Off Balance Sheet Financing

Can someone please tell me once and for all how to deal with this: Company sold $500 in receivables review of footnotes revelas credit risk was not transferred on sale Why would someone decrease cash flow from operations and increase CFF to deal with this? Also generally how would an analyst deal with it. From my understanding it’s: Increase Current Assets Increase Current Liab and that’s it.

When they sold the receivables, they probably logged the incoming cash as cash flow from operations. You should undo that by subtracting it from CFO. Really it’s a collateralized loan, so the inflow belongs in CFF, to which it should be added. Your balance sheet adjustments are correct – A/R and short-term debt should be increased.

because the decrease of receivables have been recorded as increase of operation cashflow, but the transaction should be considered no more than collateral borrowing. So the cash inflow should be seen as a financing activity. that is why the operation cashflow should go down and the CFF should go up as an adjustment. also increase assets and liab.

yup, thats exactly it… just remember: Company sold $500 in receivables

How many cents on the dollar does the firm usually sell those receivables for? Why would the purchasing firm (in CFAI test: normally a financial institution or investor group) want to take on the potential risk of not being paid (if the allowance for doubtful A/R is high in comparision to the sell of the receivables)?

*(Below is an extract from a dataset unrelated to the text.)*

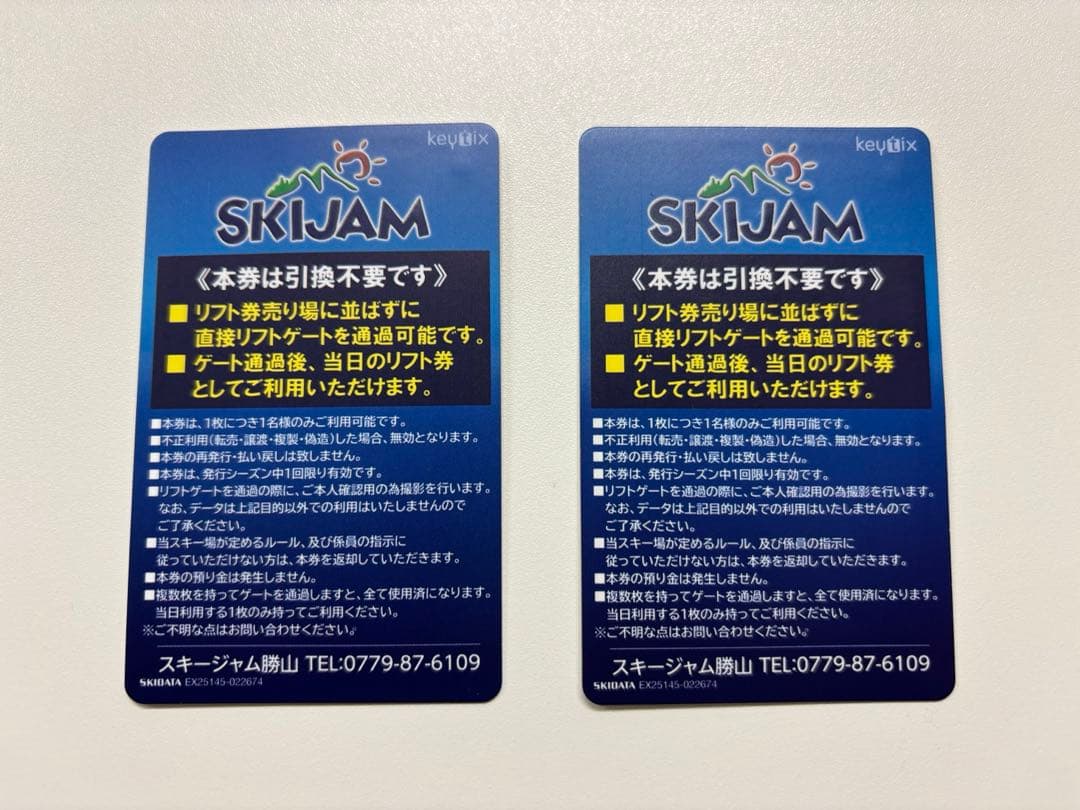 スキージャム勝山リフト券2枚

Cents on the dollar depends on the types of receiveables. Many companies deal with potentially bad receivables by requiring they are replaced with non-past-due receivables (agreement may state receivables over 90 days past due are replaced by current receiables, mitigating risk to buyer)

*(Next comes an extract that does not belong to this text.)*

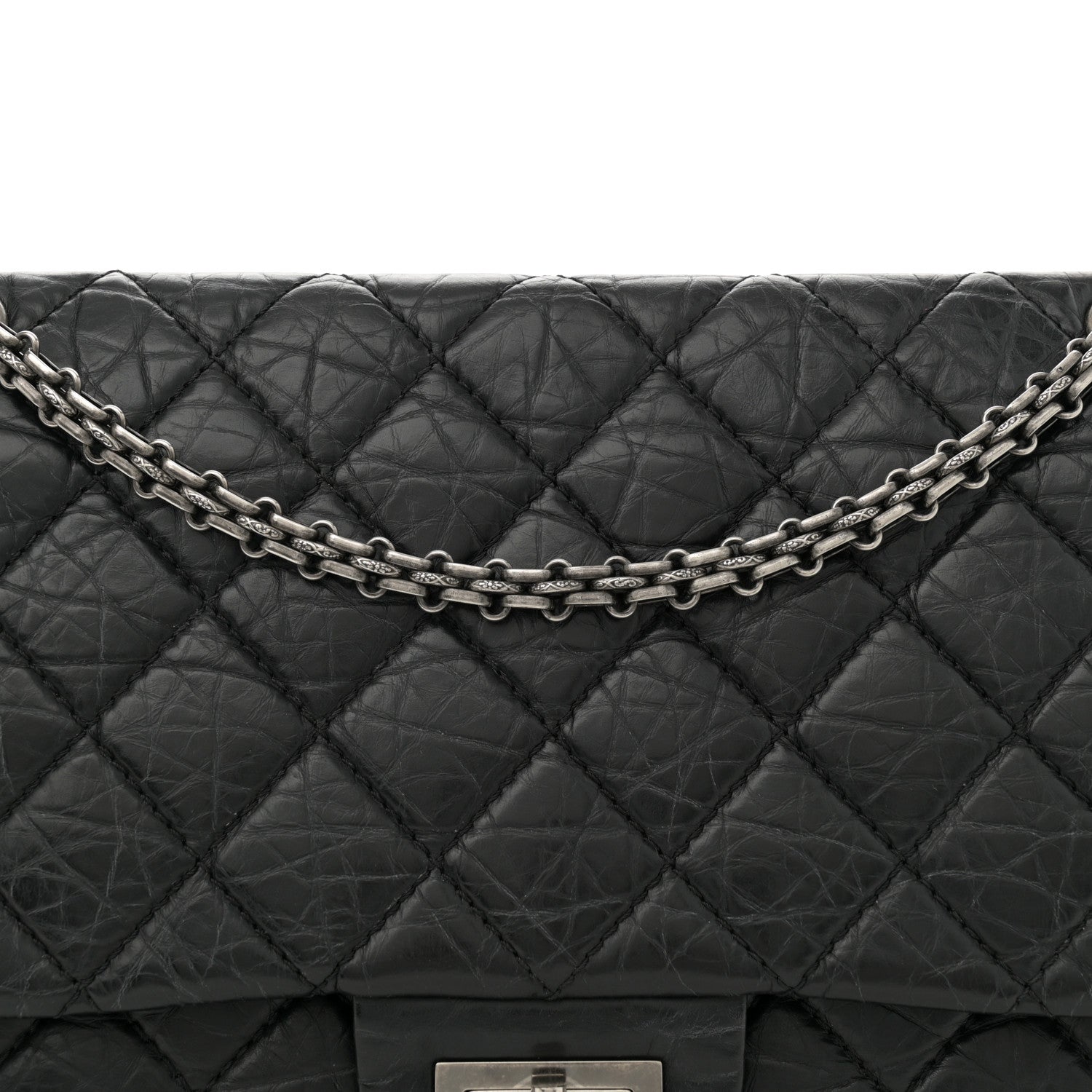 Aged Calfskin Quilted 2.55 Reissue 227 Flap Black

And the company selling them. If people buy unsecured debt why wouldn’t they buy debt with some collateral? Somewhere out there is probably some study about the quality of sold receivables as debt but I’ll bet the recovery value is really high for most receivables because your first creditors are a diverse (hopefully) lot and then you have a pretty junior claim on the company which is still worth something even in dire circumstances. Anybody know the real story?

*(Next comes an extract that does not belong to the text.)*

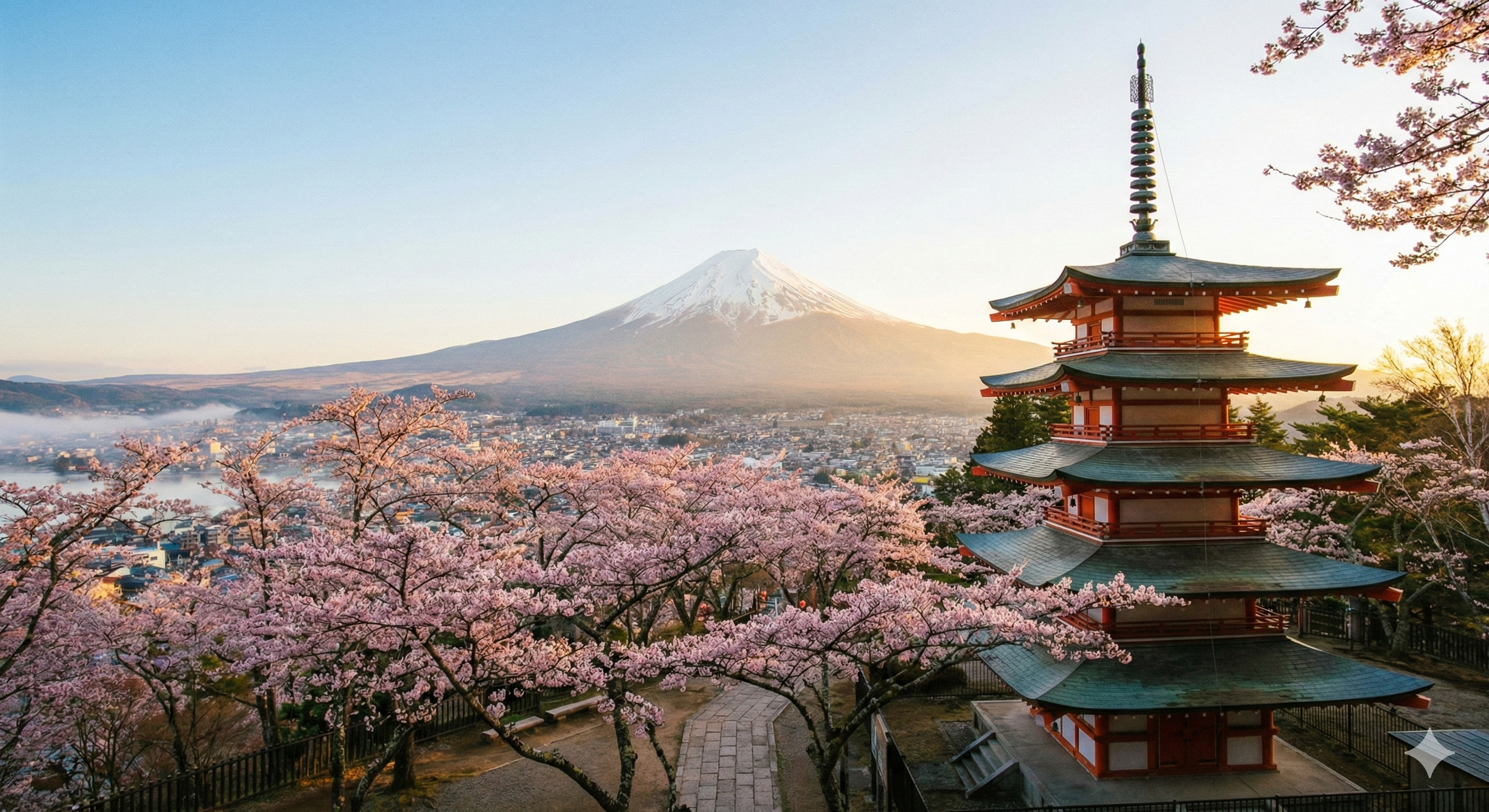 Mont Fuji et cerisiers en fleurs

Receivables and inventory are considered very high quality collateral in most cases. For asset backed lending, the haircut on value might only be 25%. Compare that to up to 75% for fixed assets.

If I’m not wrong, I think this question refers to a factoring company buying the receivables at a certain discount in order to help the selling company smoothen its cashflows and assist in building working capital… in some cases they charge a fee. But is it to be considered as a collateralized loan?

This is the “find the economic reality” sort of FSA. Selling receivables with recourse is economically the same as borrowing money and putting up your receivables as collateral. If you recognize those are the same, you would take the sale of receivables and add the amount back to short-term debt.